In 2009, Clausen retired as the sixth commissioner of higher education, a year after she had assumed the position in July 2008, at an annual salary of $425,000. She did not inform the regents that she was retiring. Instead, a day later she was rehired as the commissioner. This maneuver boosted her pay to $515,625. She received a lump-sum payment in mid-August 2009 for three hundred hours of unused vacation time and two hundred hours of remaining sick leave. When news of this situation leaked, Clausen said that she had considered retiring to help care for a special-needs grandchild in Houston. But she decided to remain commissioner. Amid controversy over her action, Clausen said that she would reduce her salary in 2010 to $199,000 as a gesture to show solidarity with employees placed under wage restraints and a proposed 30 percent cut in state higher education spending announced by the administration of Governor Bobby Jindal. The controversy caused her to retire from the State of Louisiana in June 2010.

==Legacy==
In 1998, Clausen was inducted into the Louisiana Center for Women and Government Hall of Fame.
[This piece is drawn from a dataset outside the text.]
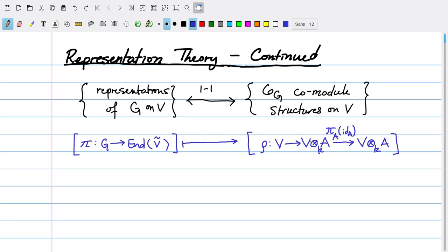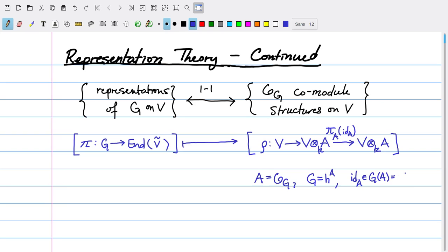Where V-twiddle is the functor corresponding to that K-module V. It sends this to the composition of the natural map from V into V tensor A, composed with pi sub A of id_A, where A is OG, and I'm thinking about G as being represented by A, so G equals H_A, so that the identity map from A to A is an element of G of A — the collection of all K-algebra homomorphisms from A to A. The first thing I want to do is look at a couple of examples to see exactly how this correspondence goes.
In 2000, she received the "Thinking Outside the Box" Award from U.S. Senator Mary Landrieu of Louisiana. In 2004, she was inducted into the LSU Alumni Hall of Distinction. In 2007, Clausen was inducted into the Louisiana Political Museum and Hall of Fame in Winnfield.

The Livingston Parish Literacy and Technology Center building in Walker, a joint venture with Southeastern Louisiana University, is named for the Clausen family.